**Work request**
Output all of the records again, exactly as written.

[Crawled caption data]
○ ○ ○
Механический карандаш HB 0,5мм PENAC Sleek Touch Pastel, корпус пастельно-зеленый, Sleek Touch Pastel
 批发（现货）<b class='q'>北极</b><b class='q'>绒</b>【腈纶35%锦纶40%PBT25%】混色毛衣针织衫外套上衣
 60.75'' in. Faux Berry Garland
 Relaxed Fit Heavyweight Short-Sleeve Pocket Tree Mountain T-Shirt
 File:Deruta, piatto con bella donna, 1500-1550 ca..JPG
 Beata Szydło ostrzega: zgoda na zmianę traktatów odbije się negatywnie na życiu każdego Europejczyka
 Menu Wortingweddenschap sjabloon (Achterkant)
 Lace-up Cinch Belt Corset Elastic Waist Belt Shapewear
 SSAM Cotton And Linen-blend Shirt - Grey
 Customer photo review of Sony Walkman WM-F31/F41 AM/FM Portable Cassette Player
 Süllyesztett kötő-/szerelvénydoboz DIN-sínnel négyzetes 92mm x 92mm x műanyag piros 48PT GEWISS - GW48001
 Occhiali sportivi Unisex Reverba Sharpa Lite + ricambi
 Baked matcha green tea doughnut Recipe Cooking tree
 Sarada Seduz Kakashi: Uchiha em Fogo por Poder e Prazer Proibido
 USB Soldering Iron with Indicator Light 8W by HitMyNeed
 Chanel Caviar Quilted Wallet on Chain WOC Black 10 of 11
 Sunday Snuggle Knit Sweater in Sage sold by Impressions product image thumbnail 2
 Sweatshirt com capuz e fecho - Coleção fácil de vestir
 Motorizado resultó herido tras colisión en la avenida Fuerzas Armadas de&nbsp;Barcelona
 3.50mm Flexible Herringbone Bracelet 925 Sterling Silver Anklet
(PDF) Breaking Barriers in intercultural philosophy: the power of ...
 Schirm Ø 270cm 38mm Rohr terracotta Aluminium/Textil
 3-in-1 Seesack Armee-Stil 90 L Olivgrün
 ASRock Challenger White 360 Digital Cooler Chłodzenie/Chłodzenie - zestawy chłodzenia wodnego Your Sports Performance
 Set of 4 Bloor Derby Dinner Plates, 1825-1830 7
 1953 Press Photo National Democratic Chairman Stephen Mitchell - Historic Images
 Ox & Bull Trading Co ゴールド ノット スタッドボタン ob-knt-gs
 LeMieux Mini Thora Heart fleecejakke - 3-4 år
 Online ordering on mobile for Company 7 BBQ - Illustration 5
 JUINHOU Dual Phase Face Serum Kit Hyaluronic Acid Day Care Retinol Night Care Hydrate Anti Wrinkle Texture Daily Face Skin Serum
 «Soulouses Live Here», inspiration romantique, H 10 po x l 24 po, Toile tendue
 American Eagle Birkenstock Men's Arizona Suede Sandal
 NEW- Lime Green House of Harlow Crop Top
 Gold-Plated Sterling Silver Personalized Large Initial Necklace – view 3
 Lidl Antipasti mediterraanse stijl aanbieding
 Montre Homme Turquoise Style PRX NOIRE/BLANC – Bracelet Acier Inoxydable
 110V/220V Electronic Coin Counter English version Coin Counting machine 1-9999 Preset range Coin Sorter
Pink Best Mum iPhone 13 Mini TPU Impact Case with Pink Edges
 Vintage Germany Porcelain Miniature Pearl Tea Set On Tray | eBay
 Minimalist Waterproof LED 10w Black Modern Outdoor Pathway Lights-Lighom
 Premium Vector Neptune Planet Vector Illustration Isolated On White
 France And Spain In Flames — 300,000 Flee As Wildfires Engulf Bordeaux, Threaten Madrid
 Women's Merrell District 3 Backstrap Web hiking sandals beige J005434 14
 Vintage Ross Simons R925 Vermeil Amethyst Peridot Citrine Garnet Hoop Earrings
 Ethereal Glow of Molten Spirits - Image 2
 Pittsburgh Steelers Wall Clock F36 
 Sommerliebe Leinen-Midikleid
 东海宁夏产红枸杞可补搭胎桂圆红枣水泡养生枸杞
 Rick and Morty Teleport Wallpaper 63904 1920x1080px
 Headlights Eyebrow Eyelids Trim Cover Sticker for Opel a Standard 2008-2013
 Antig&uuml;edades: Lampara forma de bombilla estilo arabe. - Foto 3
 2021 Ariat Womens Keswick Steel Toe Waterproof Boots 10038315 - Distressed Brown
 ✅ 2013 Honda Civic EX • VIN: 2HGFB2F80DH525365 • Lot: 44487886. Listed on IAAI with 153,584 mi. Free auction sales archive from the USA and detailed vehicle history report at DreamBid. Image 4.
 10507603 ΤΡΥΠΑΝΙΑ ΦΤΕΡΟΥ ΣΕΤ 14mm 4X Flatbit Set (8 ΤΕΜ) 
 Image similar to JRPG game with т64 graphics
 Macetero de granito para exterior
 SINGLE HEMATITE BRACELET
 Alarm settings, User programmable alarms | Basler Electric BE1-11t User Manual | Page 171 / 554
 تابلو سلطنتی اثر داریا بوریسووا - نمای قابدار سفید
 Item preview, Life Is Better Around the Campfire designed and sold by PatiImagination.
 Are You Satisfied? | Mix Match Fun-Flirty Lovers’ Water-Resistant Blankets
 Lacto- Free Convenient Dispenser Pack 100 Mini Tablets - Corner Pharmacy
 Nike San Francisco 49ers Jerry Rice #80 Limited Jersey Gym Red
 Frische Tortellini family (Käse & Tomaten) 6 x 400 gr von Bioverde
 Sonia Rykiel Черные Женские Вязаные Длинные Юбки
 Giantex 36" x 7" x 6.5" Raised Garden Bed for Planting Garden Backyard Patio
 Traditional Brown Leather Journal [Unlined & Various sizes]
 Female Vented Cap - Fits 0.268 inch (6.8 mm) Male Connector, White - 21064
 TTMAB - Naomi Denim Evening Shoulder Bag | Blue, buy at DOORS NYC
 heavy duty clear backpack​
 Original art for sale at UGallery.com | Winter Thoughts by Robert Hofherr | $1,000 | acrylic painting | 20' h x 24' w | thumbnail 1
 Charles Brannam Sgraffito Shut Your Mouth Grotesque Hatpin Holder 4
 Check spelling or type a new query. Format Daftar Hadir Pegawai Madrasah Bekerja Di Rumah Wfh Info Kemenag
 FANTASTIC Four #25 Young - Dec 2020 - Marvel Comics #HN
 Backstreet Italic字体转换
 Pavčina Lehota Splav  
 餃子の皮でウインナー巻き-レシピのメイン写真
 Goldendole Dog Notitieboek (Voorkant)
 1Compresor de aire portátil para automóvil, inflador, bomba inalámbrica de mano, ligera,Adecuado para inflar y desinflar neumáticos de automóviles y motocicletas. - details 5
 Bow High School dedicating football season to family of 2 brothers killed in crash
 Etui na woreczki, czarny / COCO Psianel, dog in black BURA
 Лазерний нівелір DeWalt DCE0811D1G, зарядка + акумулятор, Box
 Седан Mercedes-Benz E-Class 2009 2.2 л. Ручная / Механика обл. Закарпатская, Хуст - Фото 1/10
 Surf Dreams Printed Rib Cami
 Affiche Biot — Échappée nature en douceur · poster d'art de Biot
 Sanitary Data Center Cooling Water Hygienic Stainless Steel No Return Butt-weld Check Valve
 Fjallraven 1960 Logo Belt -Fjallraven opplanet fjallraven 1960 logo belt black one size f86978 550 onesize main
○ ○ ○
**Answer area**
Механический карандаш HB 0,5мм PENAC Sleek Touch Pastel, корпус пастельно-зеленый, Sleek Touch Pastel
 批发（现货）<b class='q'>北极</b><b class='q'>绒</b>【腈纶35%锦纶40%PBT25%】混色毛衣针织衫外套上衣
 60.75'' in. Faux Berry Garland
 Relaxed Fit Heavyweight Short-Sleeve Pocket Tree Mountain T-Shirt
 File:Deruta, piatto con bella donna, 1500-1550 ca..JPG
 Beata Szydło ostrzega: zgoda na zmianę traktatów odbije się negatywnie na życiu każdego Europejczyka
 Menu Wortingweddenschap sjabloon (Achterkant)
 Lace-up Cinch Belt Corset Elastic Waist Belt Shapewear
 SSAM Cotton And Linen-blend Shirt - Grey
 Customer photo review of Sony Walkman WM-F31/F41 AM/FM Portable Cassette Player
 Süllyesztett kötő-/szerelvénydoboz DIN-sínnel négyzetes 92mm x 92mm x műanyag piros 48PT GEWISS - GW48001
 Occhiali sportivi Unisex Reverba Sharpa Lite + ricambi
 Baked matcha green tea doughnut Recipe Cooking tree
 Sarada Seduz Kakashi: Uchiha em Fogo por Poder e Prazer Proibido
 USB Soldering Iron with Indicator Light 8W by HitMyNeed
 Chanel Caviar Quilted Wallet on Chain WOC Black 10 of 11
 Sunday Snuggle Knit Sweater in Sage sold by Impressions product image thumbnail 2
 Sweatshirt com capuz e fecho - Coleção fácil de vestir
 Motorizado resultó herido tras colisión en la avenida Fuerzas Armadas de&nbsp;Barcelona
 3.50mm Flexible Herringbone Bracelet 925 Sterling Silver Anklet
(PDF) Breaking Barriers in intercultural philosophy: the power of ...
 Schirm Ø 270cm 38mm Rohr terracotta Aluminium/Textil
 3-in-1 Seesack Armee-Stil 90 L Olivgrün
 ASRock Challenger White 360 Digital Cooler Chłodzenie/Chłodzenie - zestawy chłodzenia wodnego Your Sports Performance
 Set of 4 Bloor Derby Dinner Plates, 1825-1830 7
 1953 Press Photo National Democratic Chairman Stephen Mitchell - Historic Images
 Ox & Bull Trading Co ゴールド ノット スタッドボタン ob-knt-gs
 LeMieux Mini Thora Heart fleecejakke - 3-4 år
 Online ordering on mobile for Company 7 BBQ - Illustration 5
 JUINHOU Dual Phase Face Serum Kit Hyaluronic Acid Day Care Retinol Night Care Hydrate Anti Wrinkle Texture Daily Face Skin Serum
 «Soulouses Live Here», inspiration romantique, H 10 po x l 24 po, Toile tendue
 American Eagle Birkenstock Men's Arizona Suede Sandal
 NEW- Lime Green House of Harlow Crop Top
 Gold-Plated Sterling Silver Personalized Large Initial Necklace – view 3
 Lidl Antipasti mediterraanse stijl aanbieding
 Montre Homme Turquoise Style PRX NOIRE/BLANC – Bracelet Acier Inoxydable
 110V/220V Electronic Coin Counter English version Coin Counting machine 1-9999 Preset range Coin Sorter
Pink Best Mum iPhone 13 Mini TPU Impact Case with Pink Edges
 Vintage Germany Porcelain Miniature Pearl Tea Set On Tray | eBay
 Minimalist Waterproof LED 10w Black Modern Outdoor Pathway Lights-Lighom
 Premium Vector Neptune Planet Vector Illustration Isolated On White
 France And Spain In Flames — 300,000 Flee As Wildfires Engulf Bordeaux, Threaten Madrid
 Women's Merrell District 3 Backstrap Web hiking sandals beige J005434 14
 Vintage Ross Simons R925 Vermeil Amethyst Peridot Citrine Garnet Hoop Earrings
 Ethereal Glow of Molten Spirits - Image 2
 Pittsburgh Steelers Wall Clock F36 
 Sommerliebe Leinen-Midikleid
 东海宁夏产红枸杞可补搭胎桂圆红枣水泡养生枸杞
 Rick and Morty Teleport Wallpaper 63904 1920x1080px
 Headlights Eyebrow Eyelids Trim Cover Sticker for Opel a Standard 2008-2013
 Antig&uuml;edades: Lampara forma de bombilla estilo arabe. - Foto 3
 2021 Ariat Womens Keswick Steel Toe Waterproof Boots 10038315 - Distressed Brown
 ✅ 2013 Honda Civic EX • VIN: 2HGFB2F80DH525365 • Lot: 44487886. Listed on IAAI with 153,584 mi. Free auction sales archive from the USA and detailed vehicle history report at DreamBid. Image 4.
 10507603 ΤΡΥΠΑΝΙΑ ΦΤΕΡΟΥ ΣΕΤ 14mm 4X Flatbit Set (8 ΤΕΜ) 
 Image similar to JRPG game with т64 graphics
 Macetero de granito para exterior
 SINGLE HEMATITE BRACELET
 Alarm settings, User programmable alarms | Basler Electric BE1-11t User Manual | Page 171 / 554
 تابلو سلطنتی اثر داریا بوریسووا - نمای قابدار سفید
 Item preview, Life Is Better Around the Campfire designed and sold by PatiImagination.
 Are You Satisfied? | Mix Match Fun-Flirty Lovers’ Water-Resistant Blankets
 Lacto- Free Convenient Dispenser Pack 100 Mini Tablets - Corner Pharmacy
 Nike San Francisco 49ers Jerry Rice #80 Limited Jersey Gym Red
 Frische Tortellini family (Käse & Tomaten) 6 x 400 gr von Bioverde
 Sonia Rykiel Черные Женские Вязаные Длинные Юбки
 Giantex 36" x 7" x 6.5" Raised Garden Bed for Planting Garden Backyard Patio
 Traditional Brown Leather Journal [Unlined & Various sizes]
 Female Vented Cap - Fits 0.268 inch (6.8 mm) Male Connector, White - 21064
 TTMAB - Naomi Denim Evening Shoulder Bag | Blue, buy at DOORS NYC
 heavy duty clear backpack​
 Original art for sale at UGallery.com | Winter Thoughts by Robert Hofherr | $1,000 | acrylic painting | 20' h x 24' w | thumbnail 1
 Charles Brannam Sgraffito Shut Your Mouth Grotesque Hatpin Holder 4
 Check spelling or type a new query. Format Daftar Hadir Pegawai Madrasah Bekerja Di Rumah Wfh Info Kemenag
 FANTASTIC Four #25 Young - Dec 2020 - Marvel Comics #HN
 Backstreet Italic字体转换
 Pavčina Lehota Splav  
 餃子の皮でウインナー巻き-レシピのメイン写真
 Goldendole Dog Notitieboek (Voorkant)
 1Compresor de aire portátil para automóvil, inflador, bomba inalámbrica de mano, ligera,Adecuado para inflar y desinflar neumáticos de automóviles y motocicletas. - details 5
 Bow High School dedicating football season to family of 2 brothers killed in crash
 Etui na woreczki, czarny / COCO Psianel, dog in black BURA
 Лазерний нівелір DeWalt DCE0811D1G, зарядка + акумулятор, Box
 Седан Mercedes-Benz E-Class 2009 2.2 л. Ручная / Механика обл. Закарпатская, Хуст - Фото 1/10
 Surf Dreams Printed Rib Cami
 Affiche Biot — Échappée nature en douceur · poster d'art de Biot
 Sanitary Data Center Cooling Water Hygienic Stainless Steel No Return Butt-weld Check Valve
 Fjallraven 1960 Logo Belt -Fjallraven opplanet fjallraven 1960 logo belt black one size f86978 550 onesize main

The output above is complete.